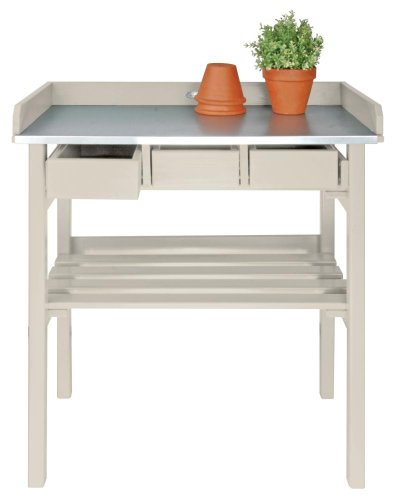 Esschert Design Pflanztisch, Gartentisch in weiß, ca. 79 cm x 38 cm x 82 cm von Esschert Design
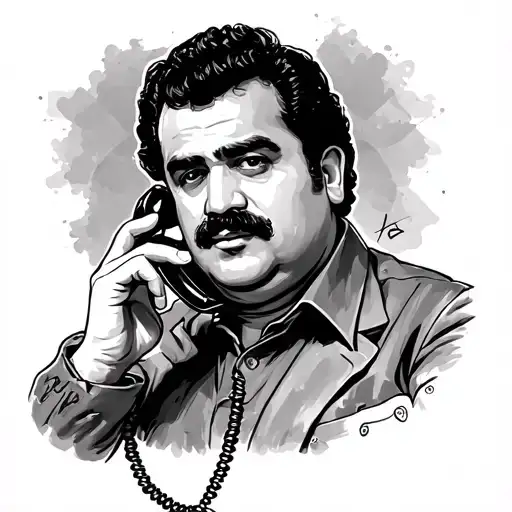 Pablo Emilio Escobar Gaviria with telephone in his hand tattoo design idea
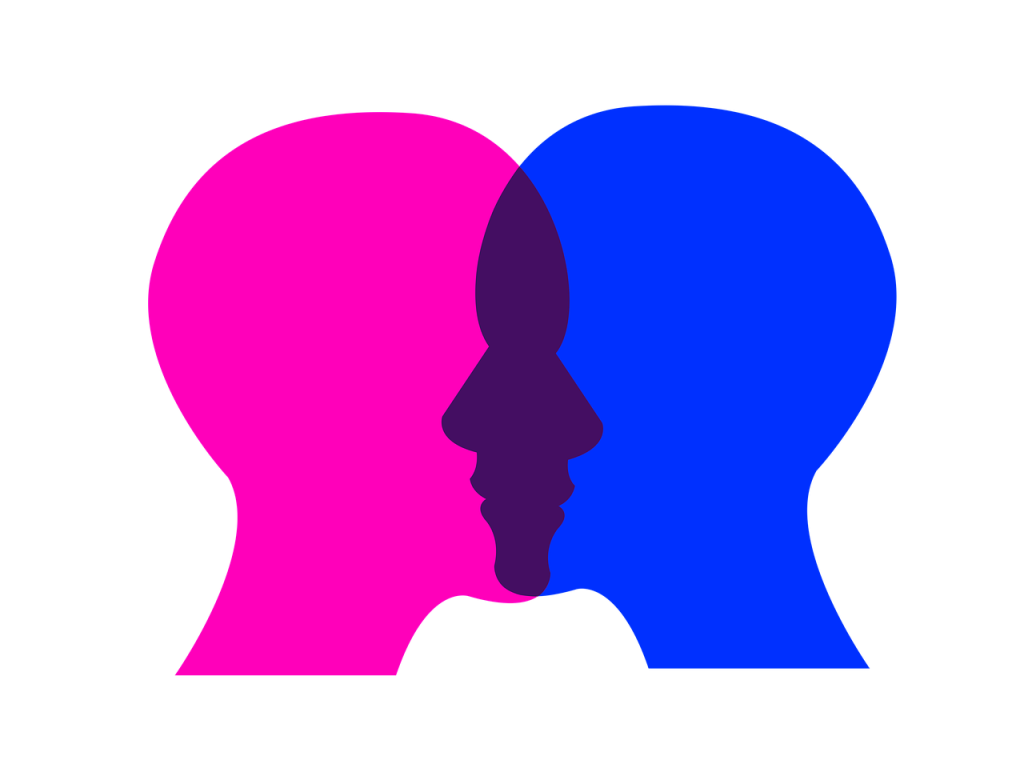 A graphic of two overlapping head silhouettes, one in pink, one blue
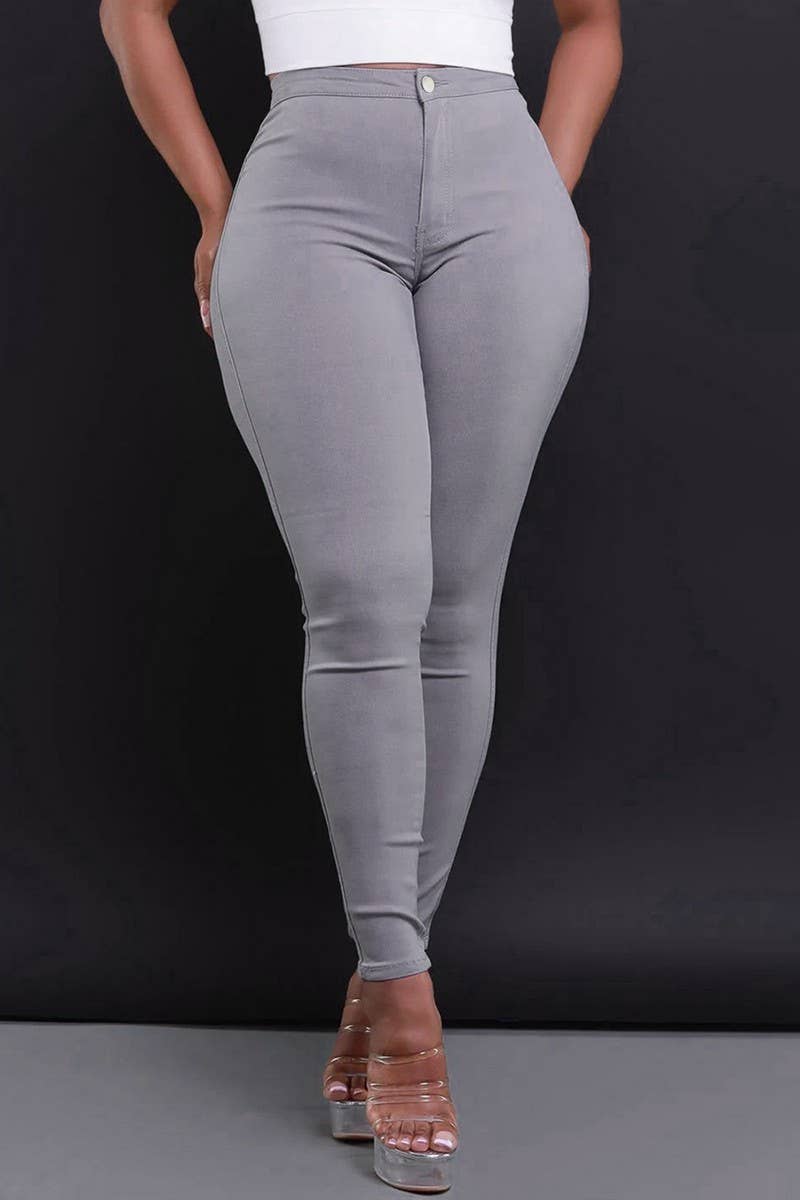 Cwjp0602_Mid Rise Candy Color Skinny Denim Pants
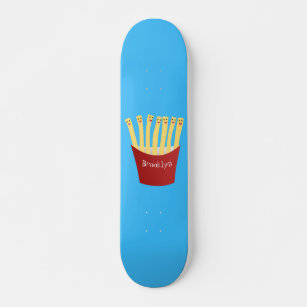 Cute kawaii fries fast food cartoon illustration skateboard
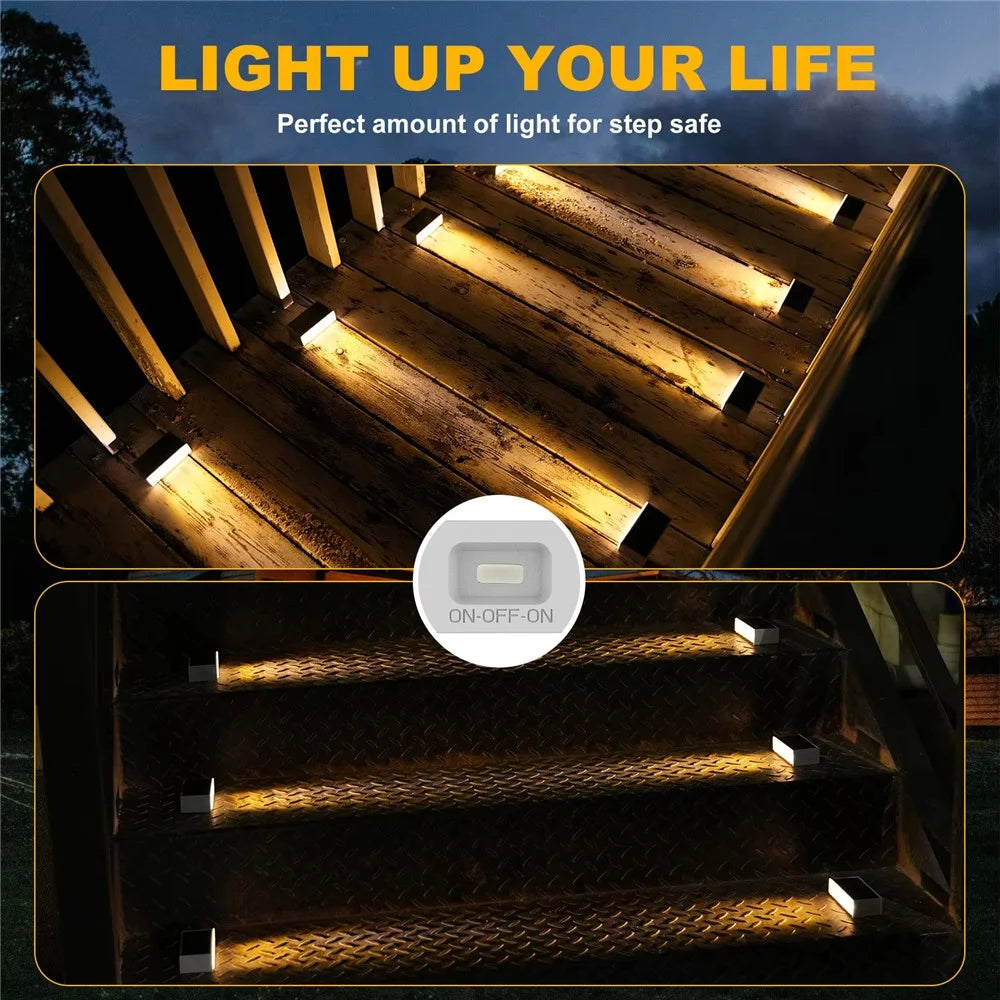 TS-G0306 6Pcs 5-LED Solar Step Lights for Stair Fence Deck IP67 Waterproof Outdoor Pathway Lamp - Warm Light - 5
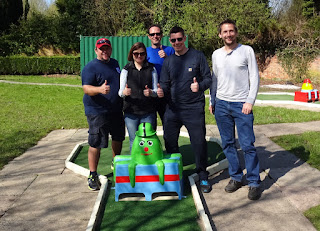 The competitors in the Great Northern Minigolf Open competition at Wigan's Crazy Golf course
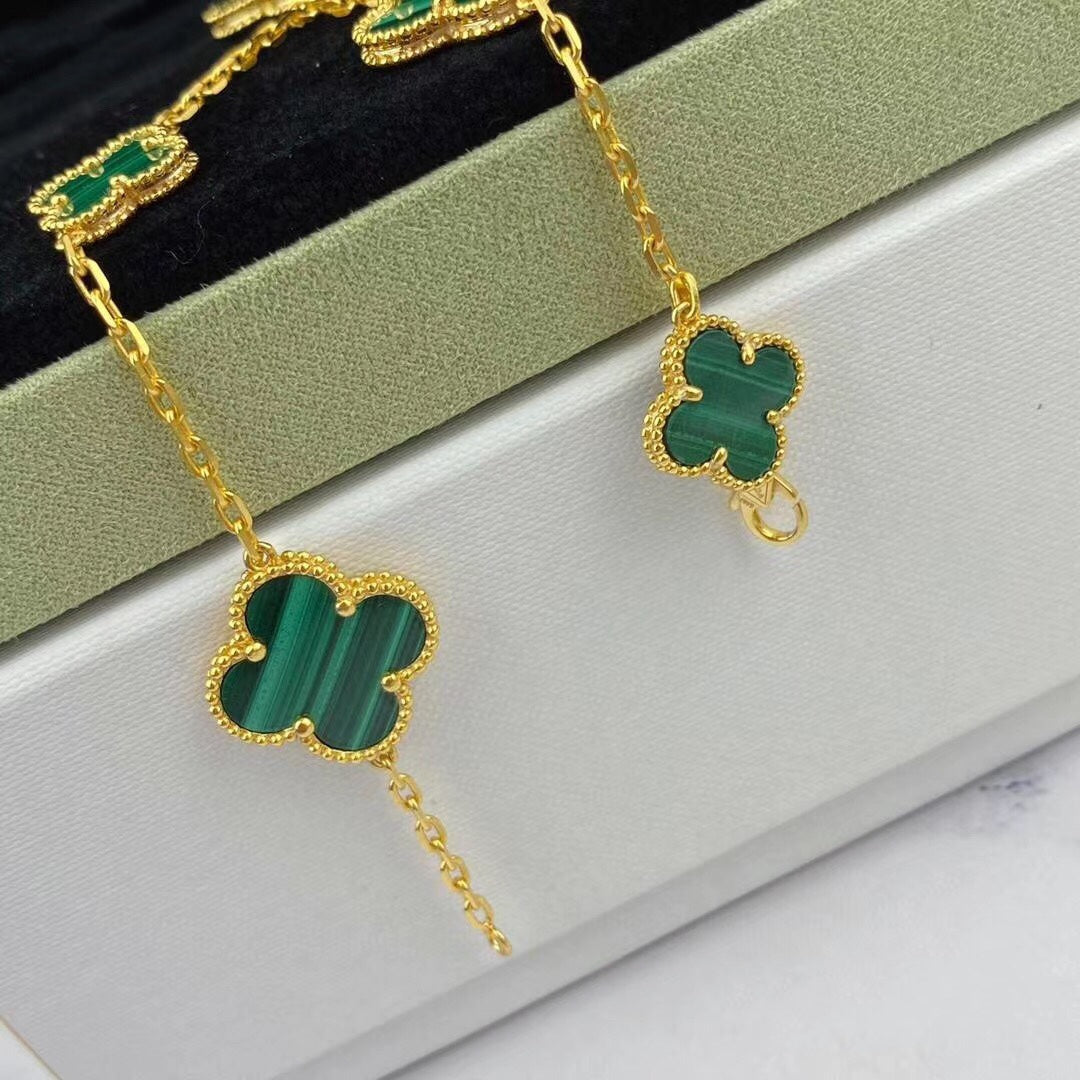 [Sophire Jewelry ]MAGIC CLOVER MALACHITE GOLD BRACELET 5 MOTIFS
☆ ☆ ☆ ☆
### Problem to solve
In your copy, include no pictures; print every line above exactly.

### Response
 Esschert Design Pflanztisch, Gartentisch in weiß, ca. 79 cm x 38 cm x 82 cm von Esschert Design
 Pablo Emilio Escobar Gaviria with telephone in his hand tattoo design idea
 A graphic of two overlapping head silhouettes, one in pink, one blue
 Cwjp0602_Mid Rise Candy Color Skinny Denim Pants
 Cute kawaii fries fast food cartoon illustration skateboard
 TS-G0306 6Pcs 5-LED Solar Step Lights for Stair Fence Deck IP67 Waterproof Outdoor Pathway Lamp - Warm Light - 5
 The competitors in the Great Northern Minigolf Open competition at Wigan's Crazy Golf course
 [Sophire Jewelry ]MAGIC CLOVER MALACHITE GOLD BRACELET 5 MOTIFS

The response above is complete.